Dataset extract:

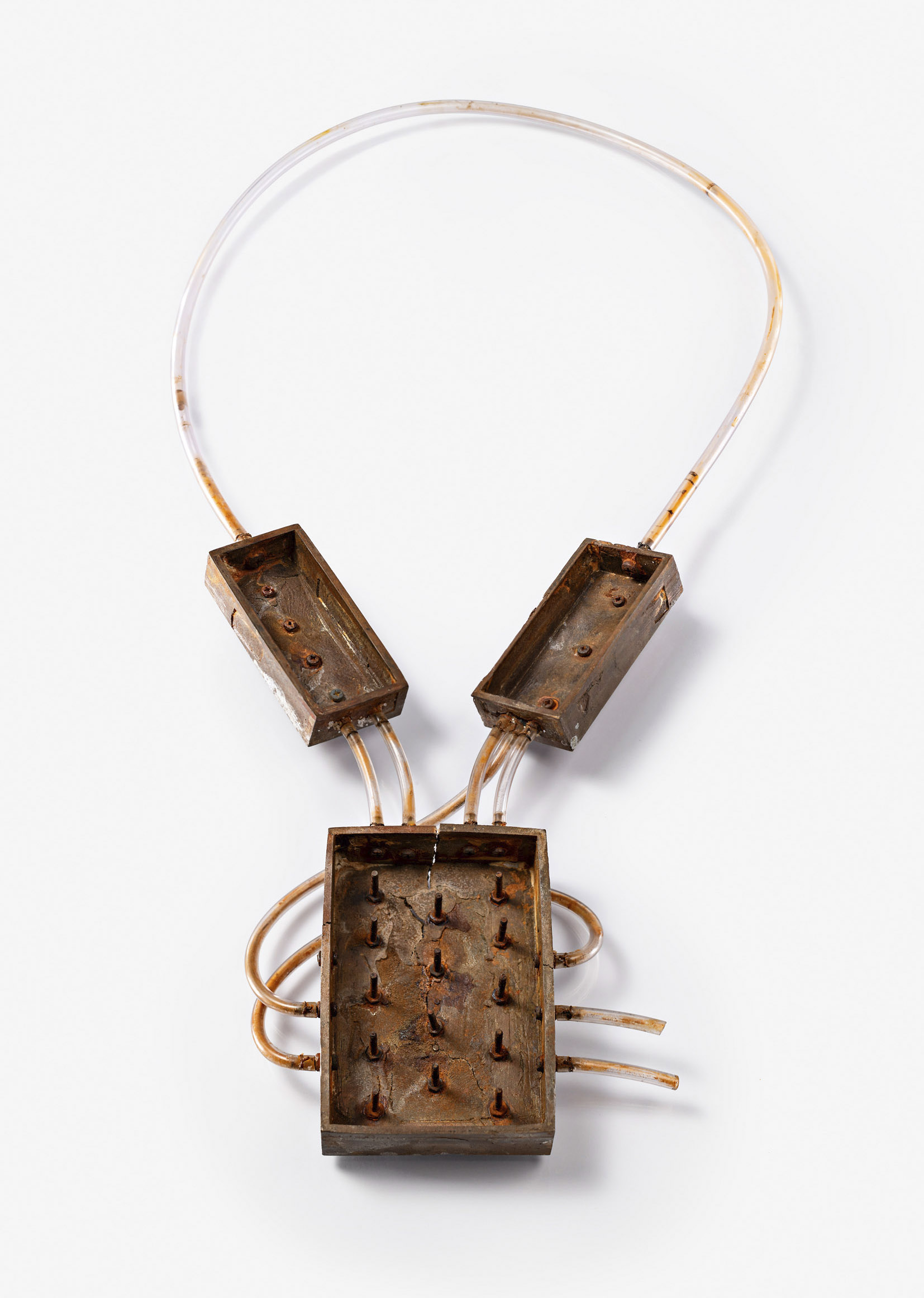 Iris Merkle - contemporary jewelry - necklace TRANSFUSION Iris Merkle - contemporary jewelry - necklace TRANSFUSION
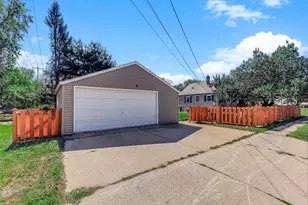 8201 Stevens Ave S, Bloomington, MN 55420 - Photo 5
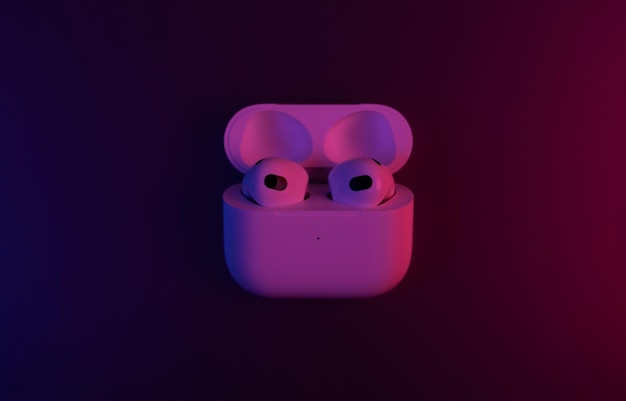 Kiev, Ucraina 2021-11-21. Nuovi Apple AirPods 3 su sfondo color neon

Task description: For this step, transcribe all the material above exactly and drop the images.

Answer space:
 Iris Merkle - contemporary jewelry - necklace TRANSFUSION Iris Merkle - contemporary jewelry - necklace TRANSFUSION
 8201 Stevens Ave S, Bloomington, MN 55420 - Photo 5
 Kiev, Ucraina 2021-11-21. Nuovi Apple AirPods 3 su sfondo color neon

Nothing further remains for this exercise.